BRIEF » Exclude the images and repeat all remaining entries exactly.
*** DATA SUPPLIED Section Begins ***
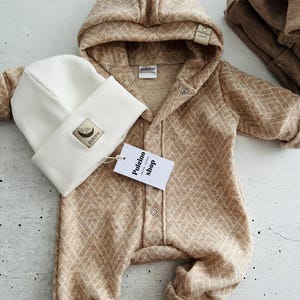 Merino Wool Baby Romper with Hood: Beige Unisex Wool Suit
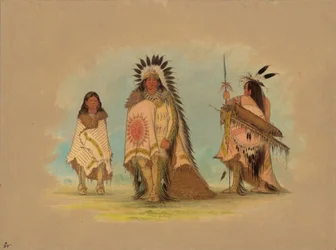 Een Sioux-opperhoofd, zijn dochter en een krijger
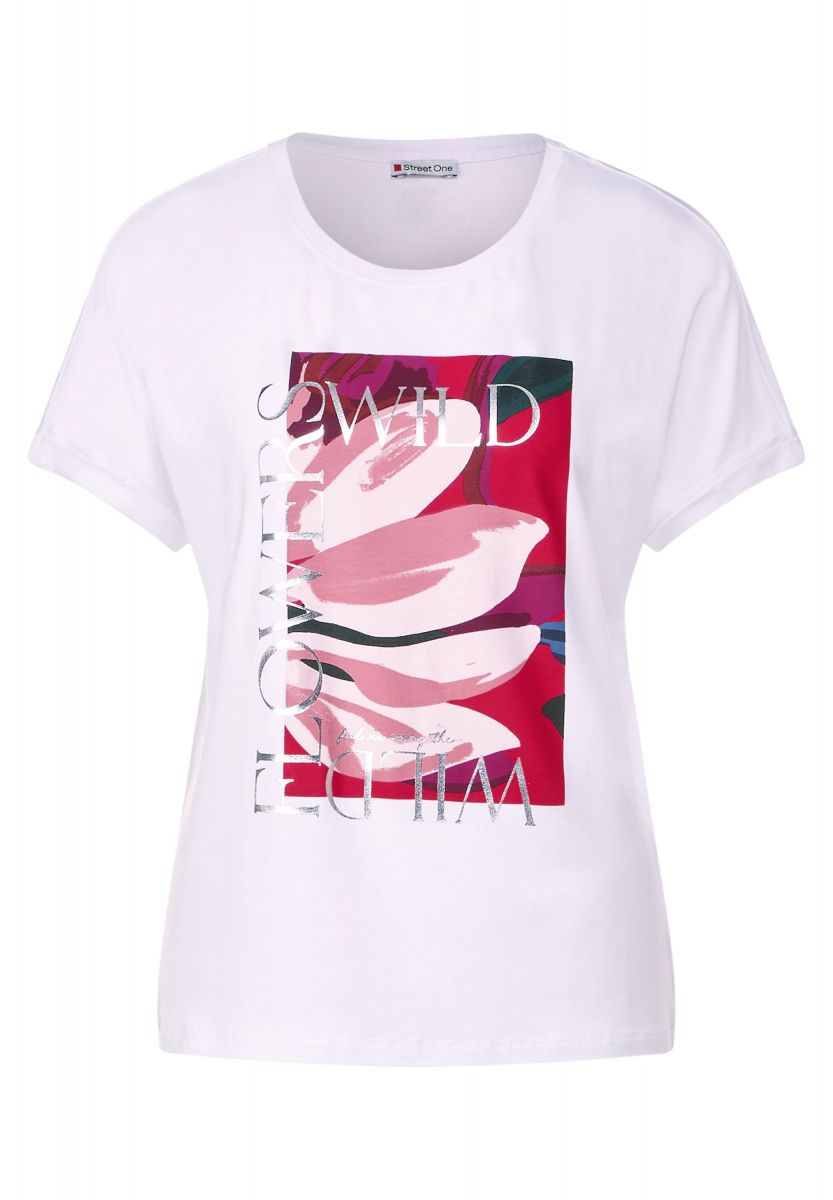 Street One T-shirt - 38 (30000) print white - part with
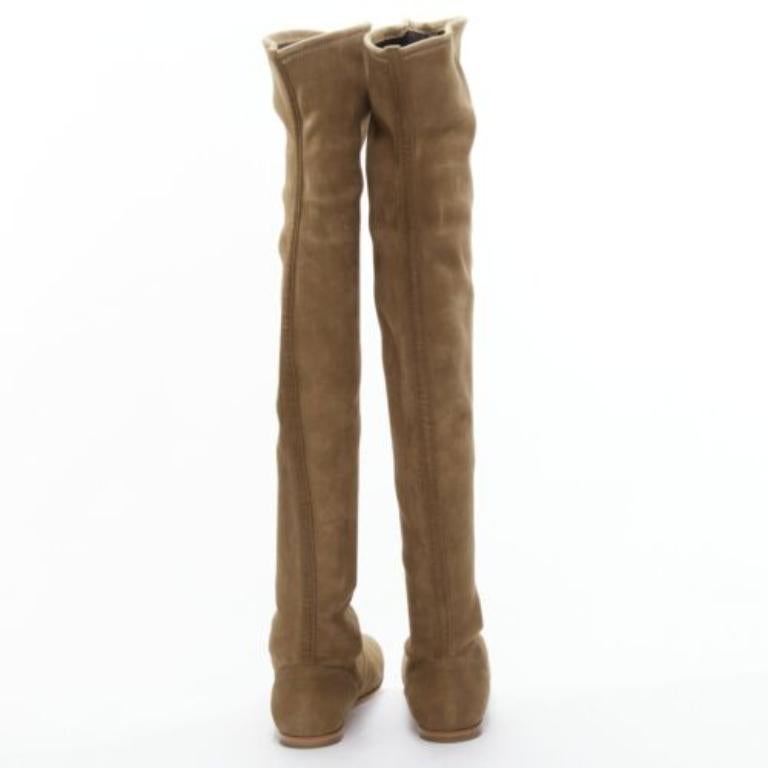 GIANVITO ROSSI Camoscio bottes cuissardes plates en daim marron EU37 Pour femmes en vente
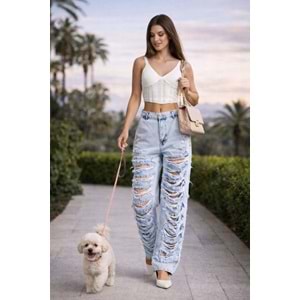 Dantel Detaylı Yırtık Skater Jean - Premium Açık Mavi Denim - MAVİ - 34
*** DATA SUPPLIED Section Ends ***
SOLUTION »
 Merino Wool Baby Romper with Hood: Beige Unisex Wool Suit
 Een Sioux-opperhoofd, zijn dochter en een krijger
 Street One T-shirt - 38 (30000) print white - part with
 GIANVITO ROSSI Camoscio bottes cuissardes plates en daim marron EU37 Pour femmes en vente
 Dantel Detaylı Yırtık Skater Jean - Premium Açık Mavi Denim - MAVİ - 34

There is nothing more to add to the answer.